▸ Work item: Exact reproduction required: the lines below from the line with "Anel bridao ponto" to the line with "Musturd Bengal Cotton", both ends included, and no others.

▸ The data:
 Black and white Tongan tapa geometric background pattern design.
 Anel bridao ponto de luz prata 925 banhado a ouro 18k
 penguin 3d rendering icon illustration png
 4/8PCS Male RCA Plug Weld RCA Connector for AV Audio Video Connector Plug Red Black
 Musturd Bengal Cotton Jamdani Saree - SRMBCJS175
---
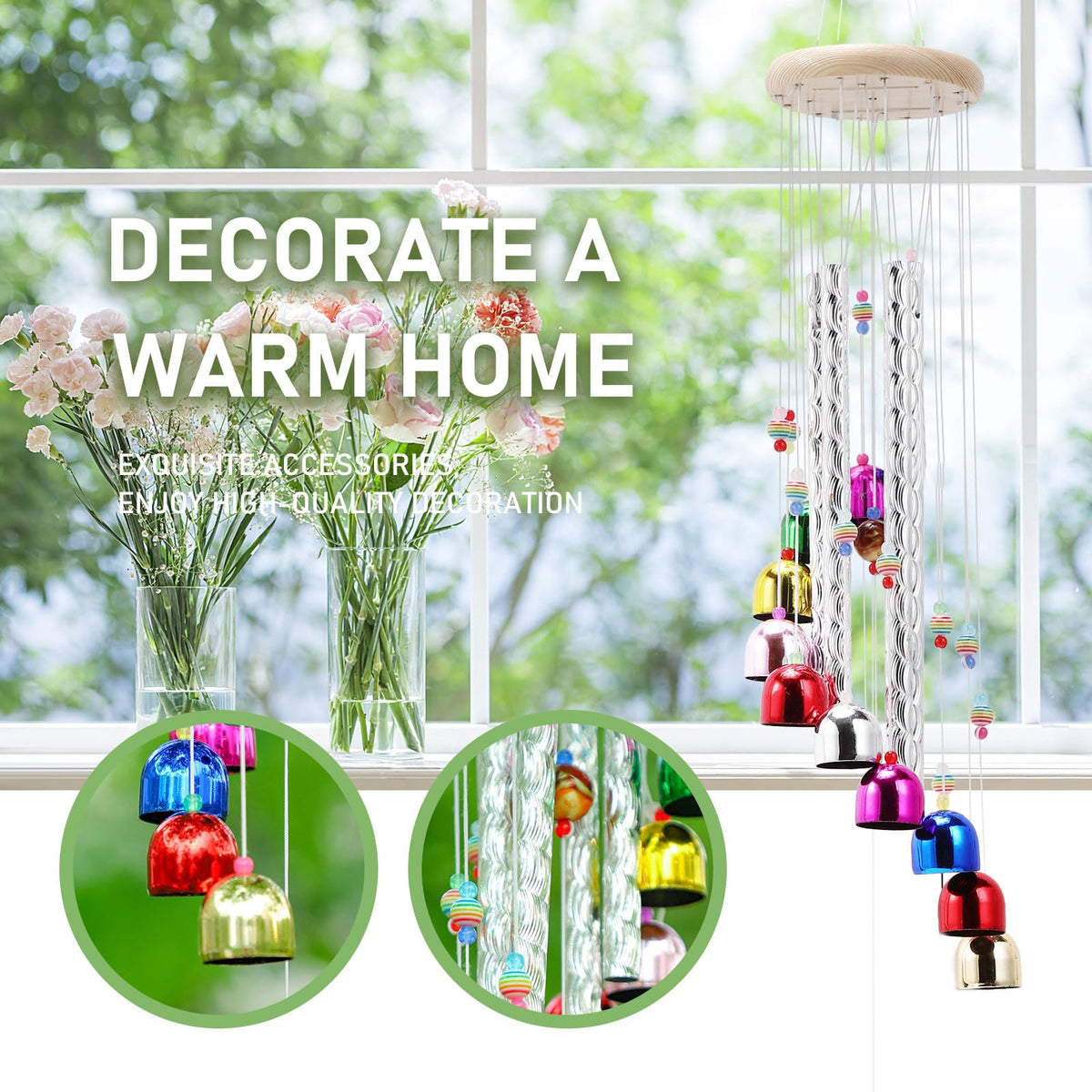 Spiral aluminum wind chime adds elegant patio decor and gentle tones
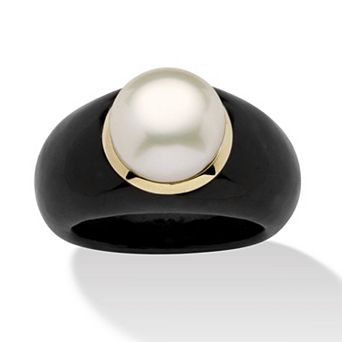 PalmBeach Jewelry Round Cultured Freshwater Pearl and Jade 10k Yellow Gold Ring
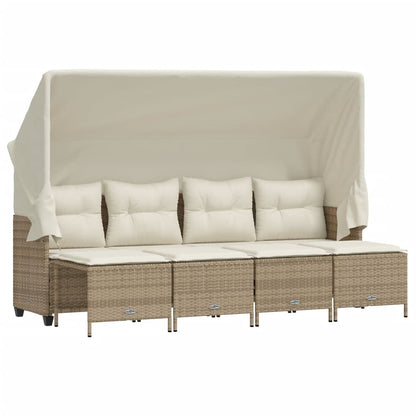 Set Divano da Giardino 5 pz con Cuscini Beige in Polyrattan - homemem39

▸ Worked solution:
 Anel bridao ponto de luz prata 925 banhado a ouro 18k
 penguin 3d rendering icon illustration png
 4/8PCS Male RCA Plug Weld RCA Connector for AV Audio Video Connector Plug Red Black
 Musturd Bengal Cotton Jamdani Saree - SRMBCJS175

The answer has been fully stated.